### [THE INPUT]
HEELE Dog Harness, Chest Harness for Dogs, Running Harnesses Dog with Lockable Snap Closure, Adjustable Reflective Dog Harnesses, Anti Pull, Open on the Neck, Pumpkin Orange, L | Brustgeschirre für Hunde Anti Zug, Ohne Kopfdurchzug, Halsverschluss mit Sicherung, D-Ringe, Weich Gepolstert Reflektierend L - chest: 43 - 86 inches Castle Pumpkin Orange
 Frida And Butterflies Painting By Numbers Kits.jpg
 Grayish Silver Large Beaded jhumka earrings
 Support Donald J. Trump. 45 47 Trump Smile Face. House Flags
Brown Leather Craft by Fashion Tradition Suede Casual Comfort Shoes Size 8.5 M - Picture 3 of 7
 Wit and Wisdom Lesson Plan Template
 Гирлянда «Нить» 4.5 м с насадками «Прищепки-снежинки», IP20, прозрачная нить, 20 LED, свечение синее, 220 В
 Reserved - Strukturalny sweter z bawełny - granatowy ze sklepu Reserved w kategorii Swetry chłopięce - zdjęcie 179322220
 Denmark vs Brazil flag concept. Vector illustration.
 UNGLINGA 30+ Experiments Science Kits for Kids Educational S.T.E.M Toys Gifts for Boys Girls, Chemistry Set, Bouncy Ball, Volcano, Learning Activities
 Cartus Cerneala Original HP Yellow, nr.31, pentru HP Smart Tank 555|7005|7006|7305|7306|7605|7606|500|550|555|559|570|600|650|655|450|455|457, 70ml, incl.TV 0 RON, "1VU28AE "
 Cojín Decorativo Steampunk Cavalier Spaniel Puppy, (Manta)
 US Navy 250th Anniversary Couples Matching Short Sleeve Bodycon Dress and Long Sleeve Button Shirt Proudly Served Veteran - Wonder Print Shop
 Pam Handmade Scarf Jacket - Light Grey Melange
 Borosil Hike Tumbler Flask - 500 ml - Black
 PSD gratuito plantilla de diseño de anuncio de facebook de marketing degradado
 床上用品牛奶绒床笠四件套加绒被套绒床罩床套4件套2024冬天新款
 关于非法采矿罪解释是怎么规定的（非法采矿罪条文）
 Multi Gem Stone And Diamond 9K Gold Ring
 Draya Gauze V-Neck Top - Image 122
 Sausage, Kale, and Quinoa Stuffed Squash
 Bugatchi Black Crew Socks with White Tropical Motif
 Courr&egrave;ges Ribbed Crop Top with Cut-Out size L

### [WORK INSTRUCTIONS]
Would you set down all the lines above, exactly and in full?

### [ANSWER AREA]
HEELE Dog Harness, Chest Harness for Dogs, Running Harnesses Dog with Lockable Snap Closure, Adjustable Reflective Dog Harnesses, Anti Pull, Open on the Neck, Pumpkin Orange, L | Brustgeschirre für Hunde Anti Zug, Ohne Kopfdurchzug, Halsverschluss mit Sicherung, D-Ringe, Weich Gepolstert Reflektierend L - chest: 43 - 86 inches Castle Pumpkin Orange
 Frida And Butterflies Painting By Numbers Kits.jpg
 Grayish Silver Large Beaded jhumka earrings
 Support Donald J. Trump. 45 47 Trump Smile Face. House Flags
Brown Leather Craft by Fashion Tradition Suede Casual Comfort Shoes Size 8.5 M - Picture 3 of 7
 Wit and Wisdom Lesson Plan Template
 Гирлянда «Нить» 4.5 м с насадками «Прищепки-снежинки», IP20, прозрачная нить, 20 LED, свечение синее, 220 В
 Reserved - Strukturalny sweter z bawełny - granatowy ze sklepu Reserved w kategorii Swetry chłopięce - zdjęcie 179322220
 Denmark vs Brazil flag concept. Vector illustration.
 UNGLINGA 30+ Experiments Science Kits for Kids Educational S.T.E.M Toys Gifts for Boys Girls, Chemistry Set, Bouncy Ball, Volcano, Learning Activities
 Cartus Cerneala Original HP Yellow, nr.31, pentru HP Smart Tank 555|7005|7006|7305|7306|7605|7606|500|550|555|559|570|600|650|655|450|455|457, 70ml, incl.TV 0 RON, "1VU28AE "
 Cojín Decorativo Steampunk Cavalier Spaniel Puppy, (Manta)
 US Navy 250th Anniversary Couples Matching Short Sleeve Bodycon Dress and Long Sleeve Button Shirt Proudly Served Veteran - Wonder Print Shop
 Pam Handmade Scarf Jacket - Light Grey Melange
 Borosil Hike Tumbler Flask - 500 ml - Black
 PSD gratuito plantilla de diseño de anuncio de facebook de marketing degradado
 床上用品牛奶绒床笠四件套加绒被套绒床罩床套4件套2024冬天新款
 关于非法采矿罪解释是怎么规定的（非法采矿罪条文）
 Multi Gem Stone And Diamond 9K Gold Ring
 Draya Gauze V-Neck Top - Image 122
 Sausage, Kale, and Quinoa Stuffed Squash
 Bugatchi Black Crew Socks with White Tropical Motif
 Courr&egrave;ges Ribbed Crop Top with Cut-Out size L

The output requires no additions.